- The Washington Times - Saturday, January 6, 2001

Fans of tap — the special American percussive form of dance — will find two groups making their debuts at the Tap Dance Festival 2001 at Dance Place in Northeast today and tomorrow.

One is a group of local college students brought together under the label Tappening by teacher Heidi Schultz. Another is DC ARTistry Tap and Drum, composed of teen-agers and adults, which combines traditional tap-dancing with drums.

Nancy Newell, the latter's executive director, believes Washington is one of the few places where tap and drums are fused this way.

"It makes sense, because both are percussive art forms," says Ms. Newell, who also leads DC TAPestry, an adult group. Artis Mooney is artistic director of both ARTistry and TAPestry.

Ms. Newell is a longtime teacher of dance who worked at the Joy of Motion Dance Center for 15 years. She founded the DC Dance Collective studio at 4908 Wisconsin Ave. NW in June 1999. It is home to six resident dance companies employing 39 teachers. (TAPestry and ARTistry are among them.) The groups attract nearly 500 students of all ages who come to learn various dance styles, including ballet and African dance.

Tappening grew out of a tap class that Ms. Schultz teaches as part of the performing arts program at American University. She also is associated with Joy of Motion, which is in Northwest.

The Collective, which began as something of an experiment in Ms. Newell's mind, is an eclectic assembly of activities. Students involved in dance and physical education at Georgetown Day School use it for aerobics; a break-dance company also is in residence. Renowned solo dancer Savion Glover, as guest artist, conducted a workshop there for 74 students in March.

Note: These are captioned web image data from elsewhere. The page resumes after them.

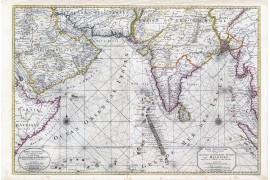 Carte ancienne de l'Océan indien en 1708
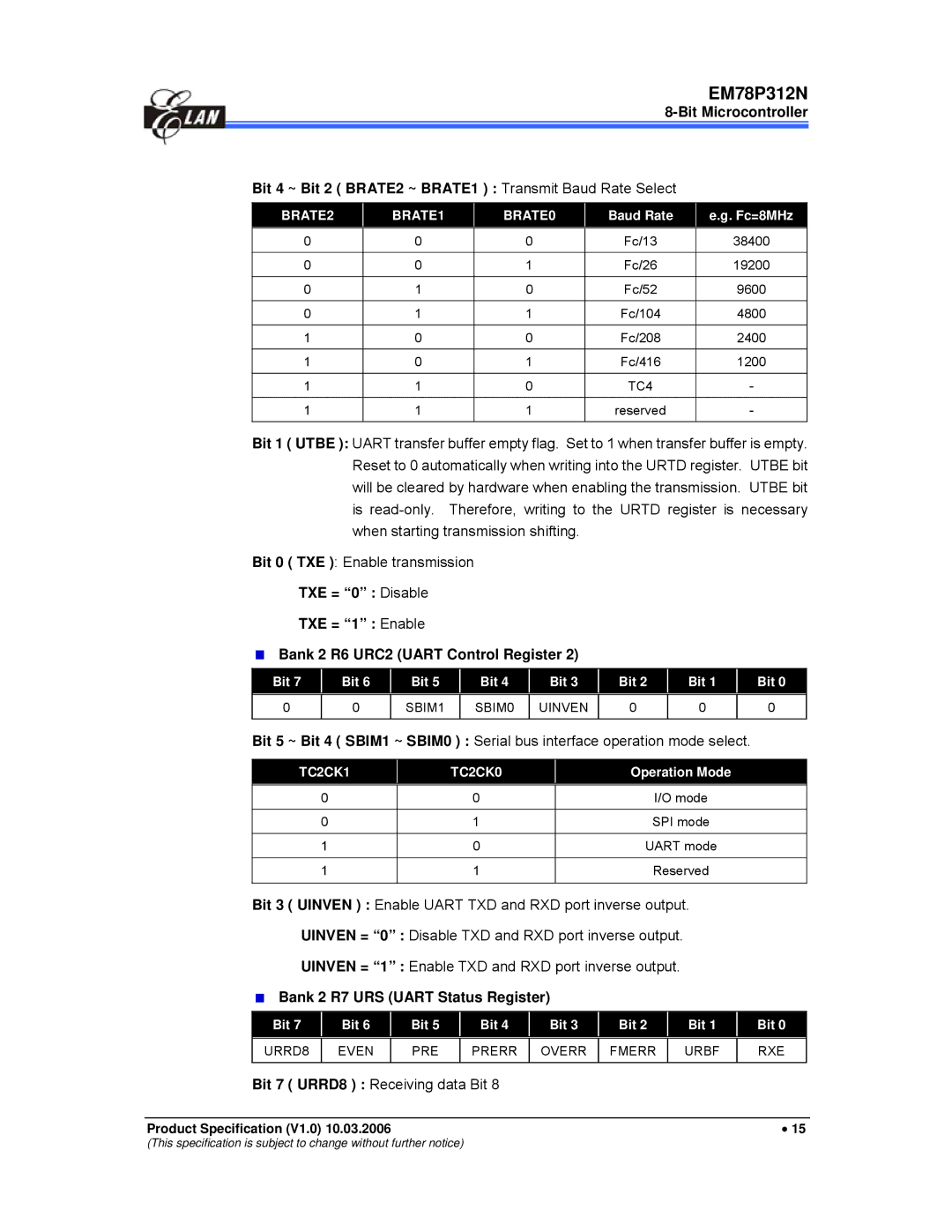 IBM EM78P312N Bank 2 R7 URS Uart Status Register, Bit 7 URRD8 Receiving data Bit, BRATE2 BRATE1 BRATE0, TC2CK1 TC2CK0 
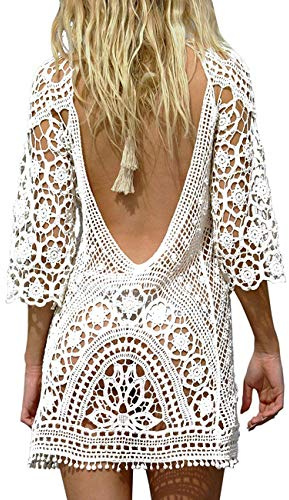 Copricostume da Bagno Donna in Maglia Uncinetto Estate Abito da Spiaggia Bikini Cover up Camicetta Maglia Tunica Kaftan Top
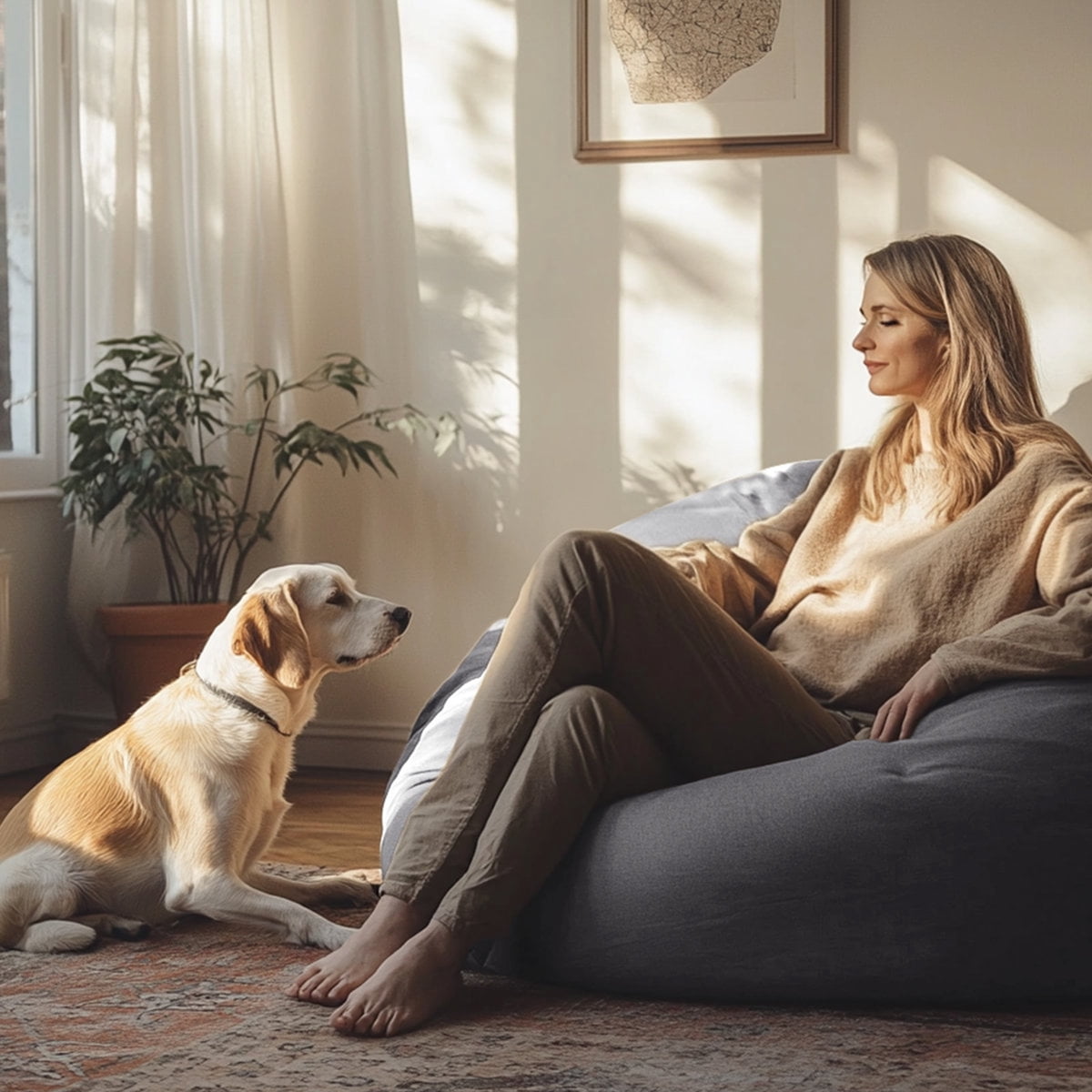 Bean Bag Chair, Oversized Beanbag for Adults, Kid, Comfy Refillable Single Sofa for Living Room, Bedroom, Dorm, Dark Gray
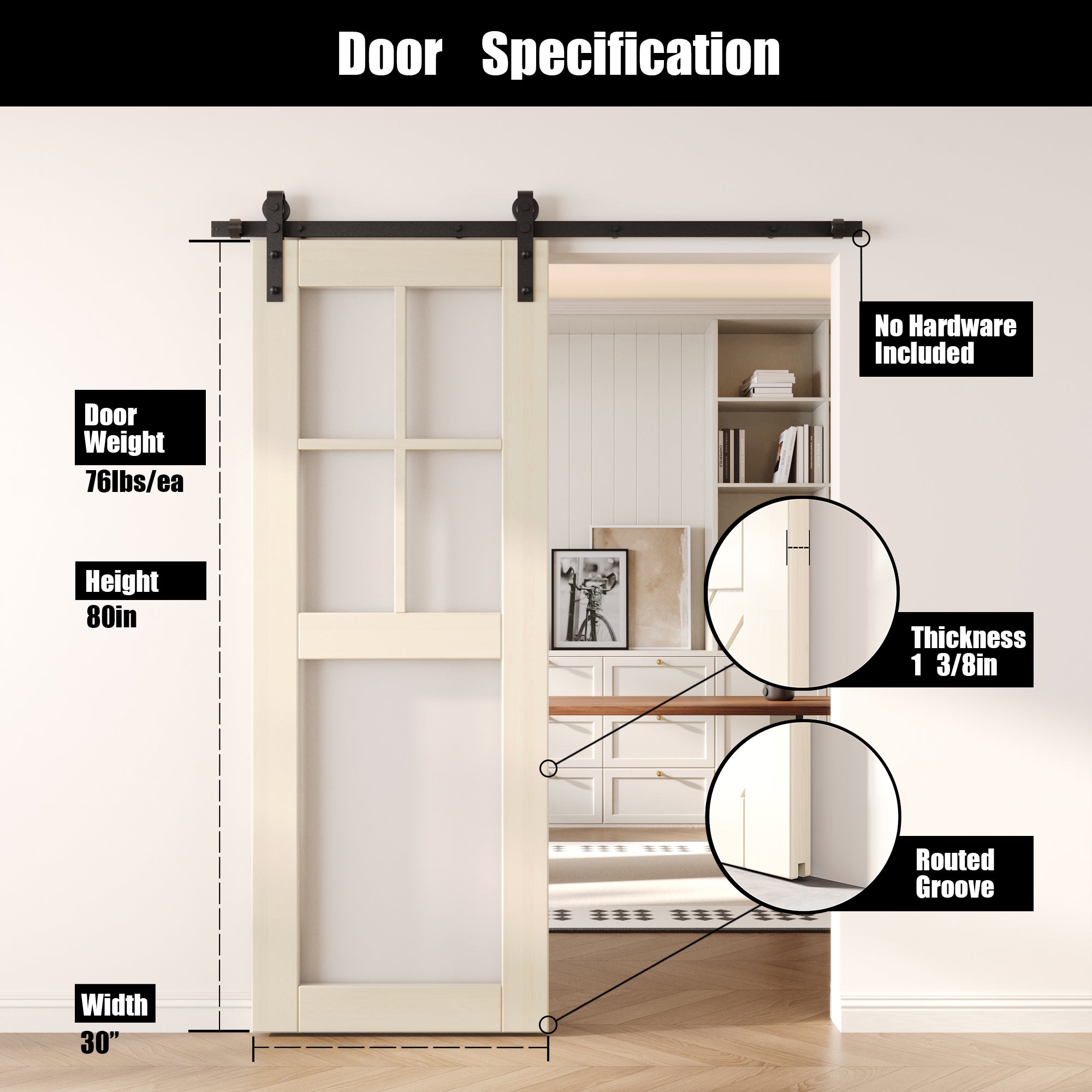 80" Height Tinsmith Gray 5-Lite Frosted Glass Unassembled & Finished Pine Wood Barn Door (Interior Use Only)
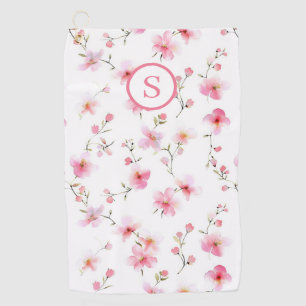 Pink Floral Personalized  Golf Towel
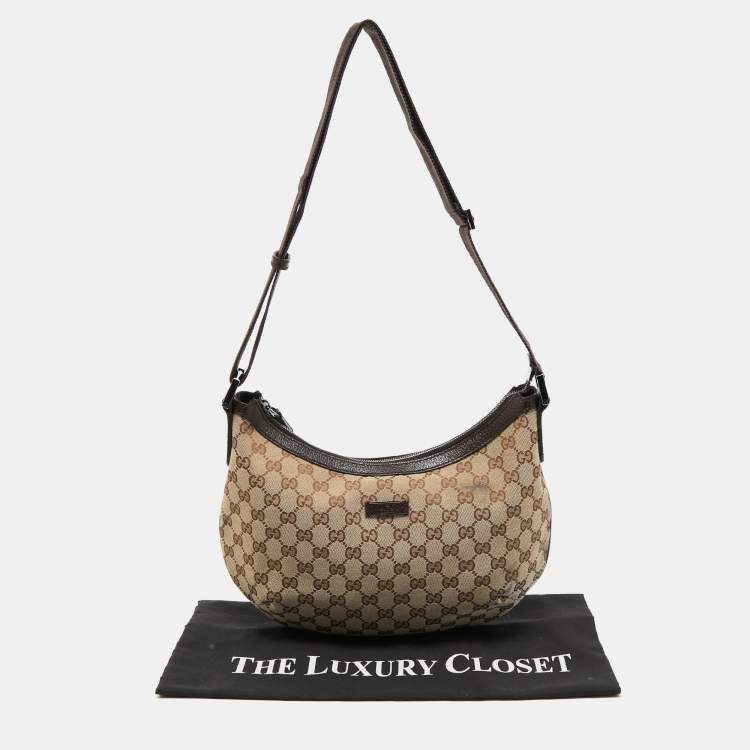 Pre Owned Gucci Beige/Brown GG Canvas and Leather Zip Hobo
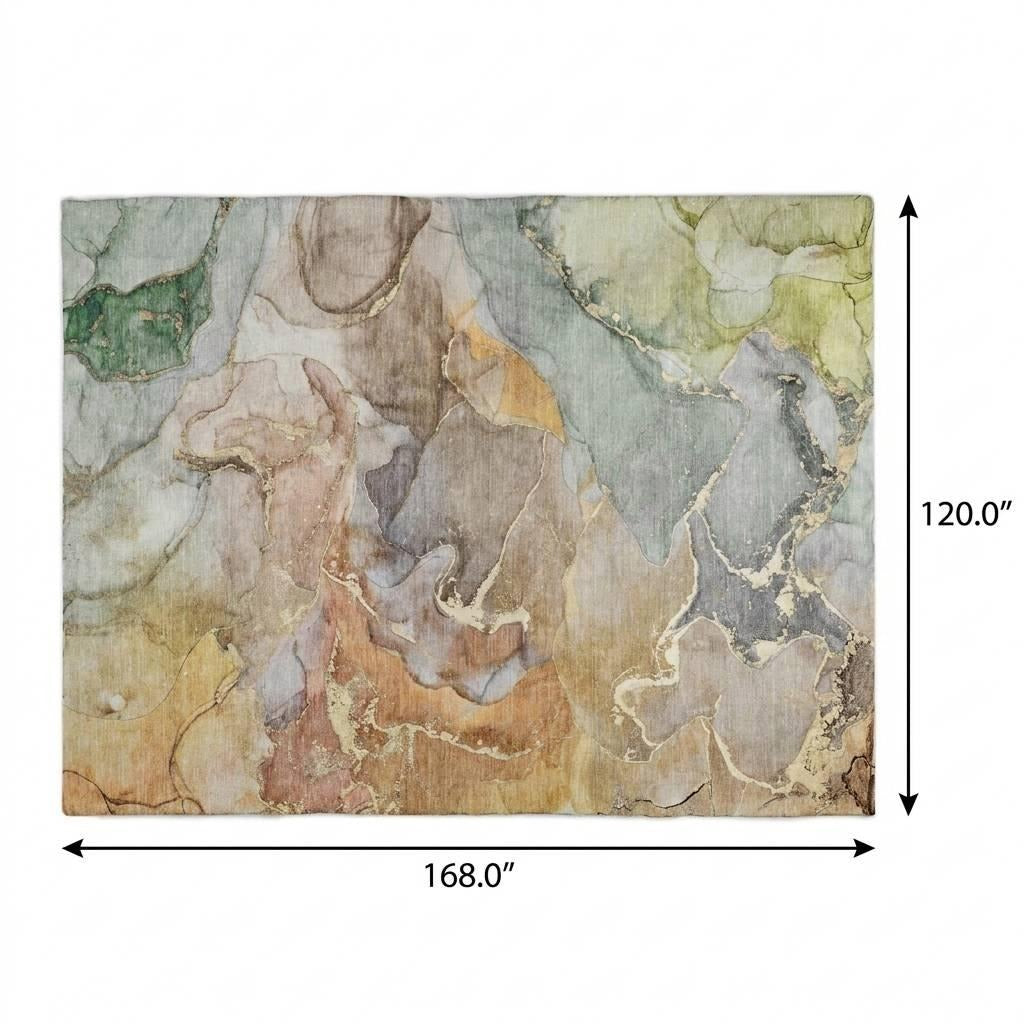 10' X 14' Beige And Taupe Abstract Shag Washable Area Rug With UV Protection - Home & Garden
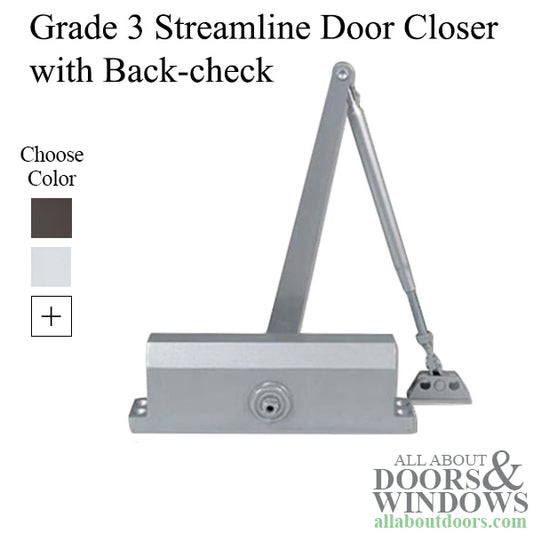 Grade 3 Streamline Commercial Door Closer with Back-check, Spring size 5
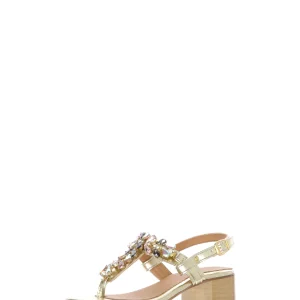 Sandalo infradito gioiello platino o argento con tacco Sandra Calzature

"This is the beginning of the 21st century. Last year, when I turned 50, it seemed to make sense to try this," Ms. Newell says. "My plan is to live in a world of 'yes.' I know entrepreneur rhymes with manure — don't quote me — but I saw a building open up and made the big leap."

She is reluctant to say tap has been enjoying a renaissance of late. But it has "changed in a major way," Ms. Newell says, having gone beyond more traditional styles in the 1930s and its appearance in the movie musicals of the early 1950s.

"It had a hiatus in the 1970s and now has changed in a major way, where it encompasses noise and funk. It opened up to different forms of expression so that it now is more urban. The focus is toward sound and percussive music as opposed to big musical numbers.

"Rhythm exists everywhere. With tap, you start to pull that element back into your life," she says, explaining its current popularity.

"The more people are in tap shoes, the happier I am. Tap is historically the melting pot in America of Irish step and African dance. In the past 10 or 15 years, it has taken on a different role in the dance world. Before it was like the bastard child of dance. People like Gregory Hines helped make audiences aware of it as a legitimate art form."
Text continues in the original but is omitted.